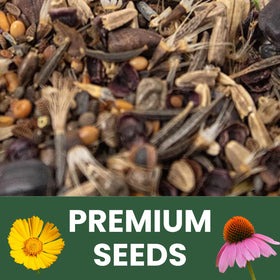 Family Sown 2026 seed pack designed for strong germination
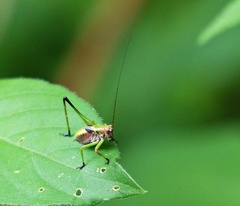 Enthephippion borellii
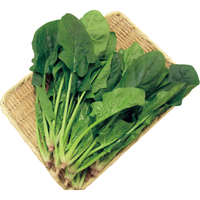 【お試し】ほうれん草200g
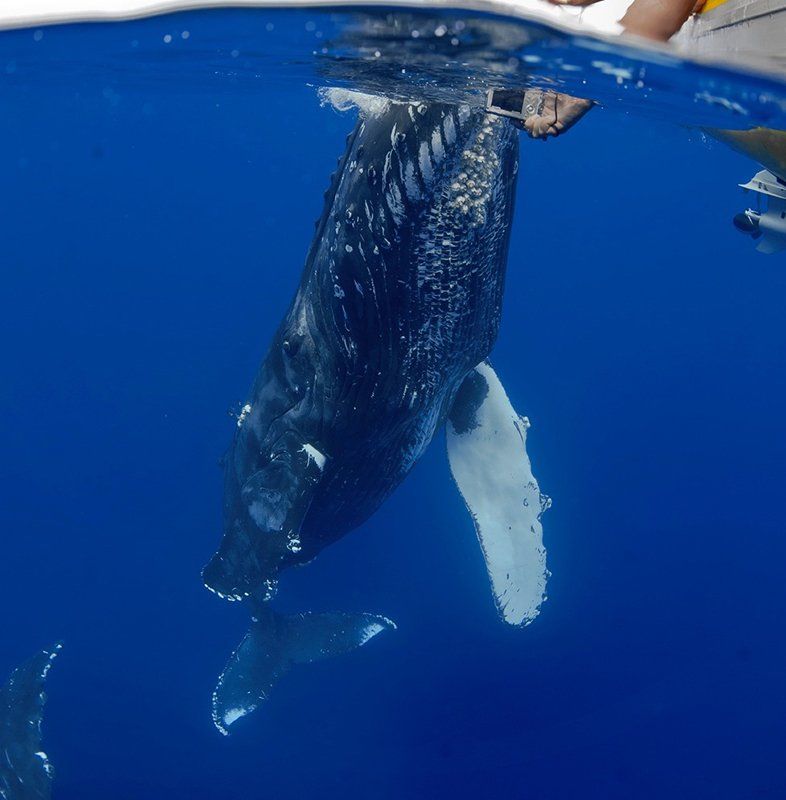 Whale Show — Wailuku, HI — Maui Reef Adventures
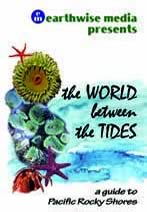 World Between the Tides Cover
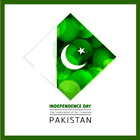 Pakistan Flag Photo Frames 201 icon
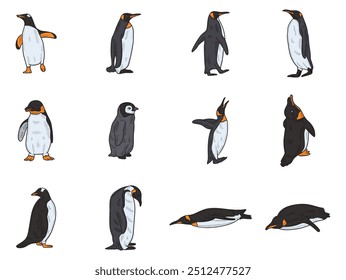 Penguin Illustration Set - Colored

**Task to complete:** What is needed here is an exact repetition of the listing above, pictures excluded.

**Response to this exercise:**
 Family Sown 2026 seed pack designed for strong germination
 Enthephippion borellii
 【お試し】ほうれん草200g
 Whale Show — Wailuku, HI — Maui Reef Adventures
 World Between the Tides Cover
 Pakistan Flag Photo Frames 201 icon
 Penguin Illustration Set - Colored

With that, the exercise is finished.